Le mouvement #metoo continue de permettre de libérer la parole des victimes d'agressions sexuelles. L'acteur a osé briser son silence.

Aurélien Wiik a posté en story Instagram sur les agressions qu'il a subit de ses 11 à 15 ans, déclenchant le mouvement #metoogarçons.

Aurélien Wiik a posté en story Instagram sur les agressions qu'il a subit de ses 11 à 15 ans, déclenchant le mouvement #metoogarçons.

Corbis via Getty Images

Le lancement du hashtag #Metoogarçons déclenché par la prise de parole du comédien français Aurélien Wiik a suscité plusieurs centaines de témoignages sur les réseaux sociaux de la part d’hommes victimes de violences sexuelles dont les récits ont longtemps été peu audibles.

Le 22 février, à la veille d’une cérémonie des César (les Oscars français) marquée par une vague inédite d’accusations de violences sexuelles, lancées notamment par l’actrice Judith Godrèche, le comédien de 43 ans indique avoir été «abusé» de 11 à 15 ans par son agent et avoir porté plainte à 16 ans car son agresseur «le faisait à d’autres».

Son message entraîne dans son sillage plusieurs centaines de témoignages sur le réseau social X qui, rapidement, dépassent les frontières du 7e art.

Prenant la parole dans la foulée, le député français Andy Kerbrat (gauche radicale), révèle ainsi avoir été «abusé de (s)es trois à quatre ans par un prédateur, mort depuis donc sans possibilité d’avoir justice.»

«Des gens vous croient et vous aiment (ce qui a été mon cas grâce à mes parents).
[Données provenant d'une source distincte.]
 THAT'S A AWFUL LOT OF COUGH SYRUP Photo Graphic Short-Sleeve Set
Vous réaliserez de grandes choses donc continuez à vous exprimer. Si vous le pouvez, allez en justice. On ne guérit pas, mais on se répare. Ensemble», ajoute le député âgé de 33 ans.

«Freins dans la société»

Le journaliste et écrivain français Adrien Borne, 42 ans, qui avait rapporté publiquement dès 2016 avoir été victime d’un pédocriminel, confie s’être «senti bien seul» à l’époque et indique «voir émerger avec un mélange de terreur et de nécessité le #metoogarçons».

Loin d’être nouvelle, la question des hommes touchés par des violences sexuelles a longtemps été éclipsée par celles subies par les femmes, qui représentent une part écrasante des victimes. Selon les chiffres du ministère français de l’Intérieur, 87% des victimes de violences sexuelles en 2022 étaient des femmes. Les mis en cause étaient des hommes à 97%.
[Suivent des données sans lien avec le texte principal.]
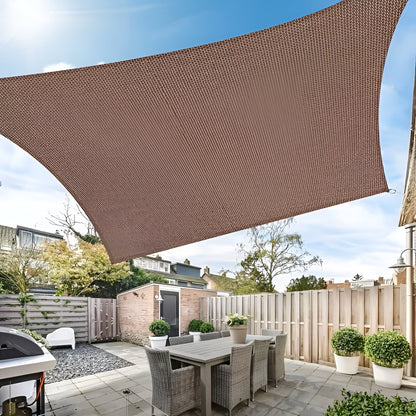 Solskjermingsnett Med Øyer – Lysblokkerende Skyggenett Til Balkong, Terrasse Og Hage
Au-delà de la réalité statistique, la question a longtemps été taboue, estime auprès de l’AFP Laurent Boyet, président de l’association Les Papillons, qui avait témoigné en 2017 avoir été violé par son frère quand il avait six ans.

«Il y a des freins dans la société, notamment l’idée qu’un homme ça ne pleure pas, c’est fort, qu’un homme ne peut pas être victime», note-t-il.
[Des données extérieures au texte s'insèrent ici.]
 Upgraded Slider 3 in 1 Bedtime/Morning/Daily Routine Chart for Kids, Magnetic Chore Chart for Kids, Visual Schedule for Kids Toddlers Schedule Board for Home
«Bien souvent on dit aux hommes victimes : +Ce n’est pas possible parce que tu es un homme, pourquoi tu ne t’es pas défendu?+. Moi, c’est ce qu’on m’a dit», ajoute Arnaud Gallais, président d’une autre association de victimes de violences sexuelles et lui-même victime.

Face à la «solitude»

Pendant longtemps, la vigilance s’est davantage portée sur les filles que sur les garçons concernant les enfants victimes de violences sexuelles, confirme Sébastien Chauvin, sociologue spécialiste des questions de genre. «Les garçons étaient plus libres et pendant longtemps cette possibilité de violence sexuelle était complètement inaudible», étaye-t-il.

Lors d’une rencontre avec l’AFP fin décembre, le réalisateur belge Joachim Lafosse avait estimé que les femmes ayant brisé le silence ces dernières années dans le milieu du cinéma avaient pu le faire «grâce à la sororité, à la communauté, à leur solidarité».

«Alors que, quand tu es un homme et que tu racontes ce qu’il s’est passé, il y a une solitude qui accompagne les mots. Le patriarcat n’invite pas à l’échange des mots entre hommes, il faut être costaud», soulignait-il.

En 2021, la vague de #Metooinceste avait été l’occasion pour de nombreux hommes victimes de pédocriminels pendant leur enfance de témoigner. Ce mouvement avait été suivi par le #MetooGay mais celui-ci posait davantage «la question du consentement dans le monde gay, y compris entre adultes» et occultait, selon le sociologue, les rapports de pouvoir à l’œuvre dans le monde du travail ou les cercles familiaux.

Et maintenant? Pour Laurent Boyet, «l’enjeu n’est plus la libération de la parole mais de savoir si la société va enfin nous entendre.»